Teorik fizikte "başlangıç durumuna hassas bağlılık" diye
bir kuram vardır. Kaçış hızına sahip ol(a)mayanlar (veya benim gibi hiç
düşünmeyenler), kendi yaşam felsefelerini buradan başlatabilirler: benim
bugünkü sosyo-ekonomik konumum, babamın (ailemin) durumuna hassas bir şekilde
bağlı kalmıştır. Buna, klasik determinizm de diyebilirsiniz; biraz daha
ötesidir ama neticede aynı şeydir.
İnsan göndermese bile uzay teknolojisine sahip, bilgi çağını
yaşamakta olan toplumları bugünkü sosyo-ekonomik hem de politik/kültürel
özellikleri ile (olduğu gibi) taklit etmeye çalışmak, bana daima Nasrettin
Hoca'nın göle maya çalmasını hatırlatıyor. Hoca’nın “ya tutarsa” tarzı
bilgeliği ile yoğurdunu (bilerek) heba etmesinin, bugün bile içinde alınacak
dersler sakladığını görüyor; O’nun bizim “başlangıç durumumuz” olduğuna
yürekten inanıyor ve ona “hassas bağlılığımızın” halen sürdüğünü bilmemiz,
hatırlamamız ve kabullenmemiz gerektiğini düşünüyorum. Bugün o gölün kuruyup
kurumadığını bilemiyorum(!) ancak denize (boşu boşuna) akan nehirleri
seyrederken tarlalarda arteziyen kuyuları mı açılıyor yoksa barajlarla planlı
sulama mı yapılıyor, doğrusu bazen merak ediyorum. Hoca’nın yoğurdu ile
kuyulara harcanan kişisel masrafları heba edilmiş kaynaklar olarak aynı kefeye
koyuyorum; arteziyen kuyularının kişisel rekabete yönelik yarışmalar/sergiler
ve KOBİ’lerin ise içine maya çalınan göle benzediği sanrısına kapılıyorum.

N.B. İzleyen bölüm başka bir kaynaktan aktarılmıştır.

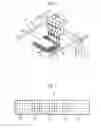 Fig. 06 - Method for manufacturing seed attachment mulching material to which different types of plant seeds are attached, and seed attachment mulching material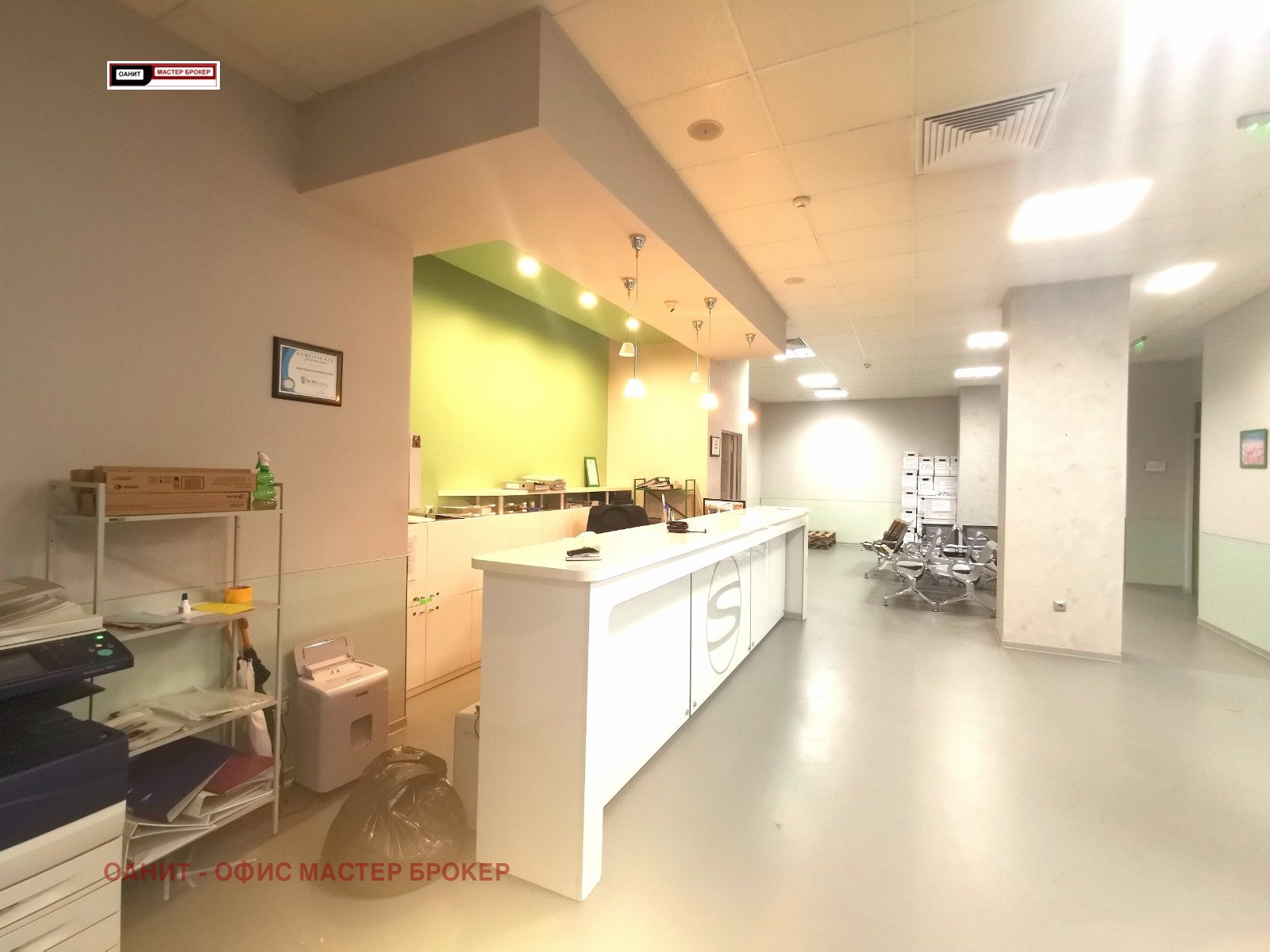 ���� ��� ���� ������� | Imot.bg � ����������� 2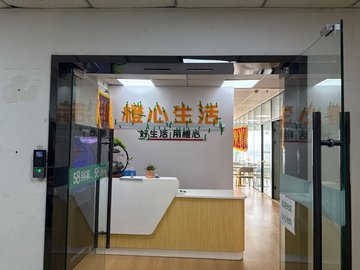 河北石家庄市长安区附近的家政公司有哪些？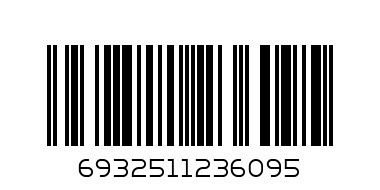 GUANJING TURMERIC BLOTION480G - Barcode: 6932511236095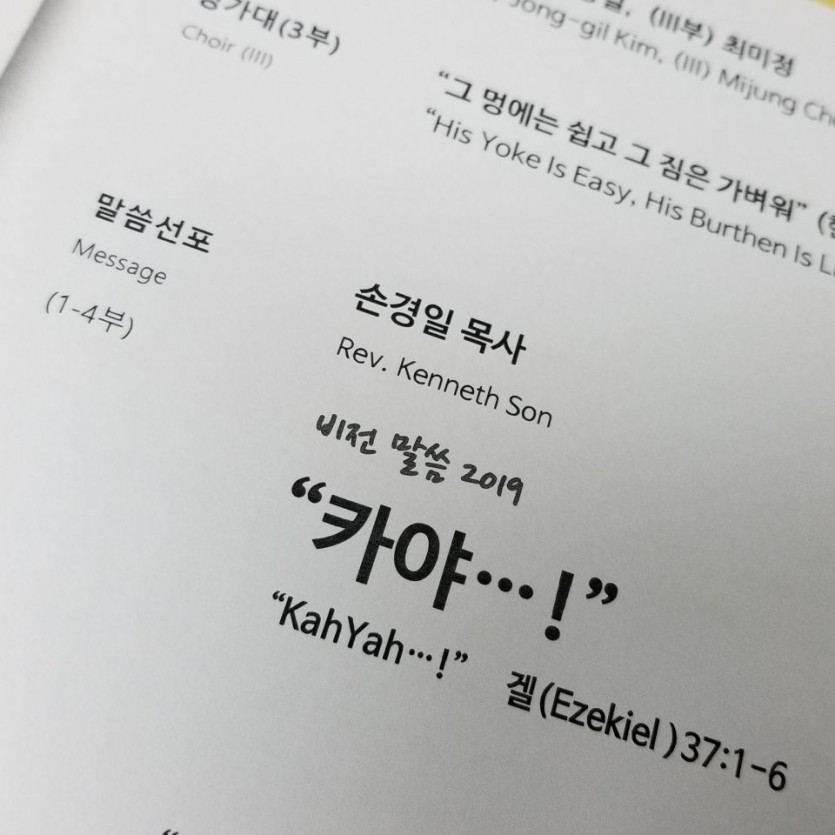 KakaoTalk_Photo_2018-12-16-09-27-46.jpeg
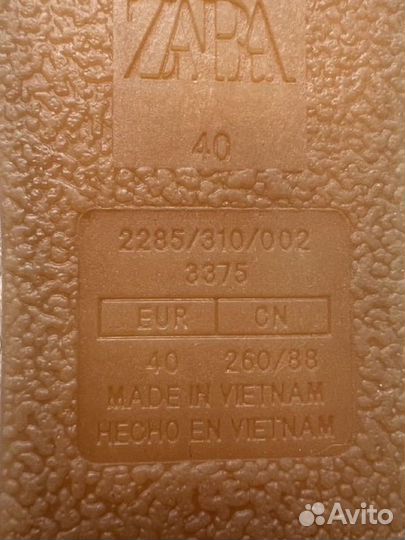 Эспадрильи женские 40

Hani atalarımızın bir lafı vardır: "taşıma su ile değirmen
dönmez". Bilgi çağındaki bir toplumdan ne kadar su taşırsanız taşıyın,
değirmeni döndürmekle elde edilecek fayda, taşıma için harcanan emek ve
masraftan daha büyük olamaz. Bilgiyi kendiniz üretmedikçe, zaten bilgi
sandığınız ve taşıdığınız şey de hep "malumat" olacağından, boşuna
yorulmuş olursunuz.
Soğuk suyun içine ne kadar kaynamış su katarsanız katın, o soğuk
suyu (asla) kaynatamazsınız; tamamı (yüzde yüzü) kaynama derecesine (100
dereceye) gelmedikçe, su kaynamaz; o başlangıçtaki suyunuz var ya, hep fire
olarak kalır ki işte bu “başlangıç durumuna hassas bağlılık”tır. Kendi
ateşinizi yakacak bilgiye sahip olmanız, önce o tekniğe sahip olmanız ve
sonrasında kendi teknolojinizi üretmeniz gerekir. Eh, bir ukalalık daha
yapayım, yeri ve zamanıdır: "küçük güğüm az süt alır, çabuk kaynar".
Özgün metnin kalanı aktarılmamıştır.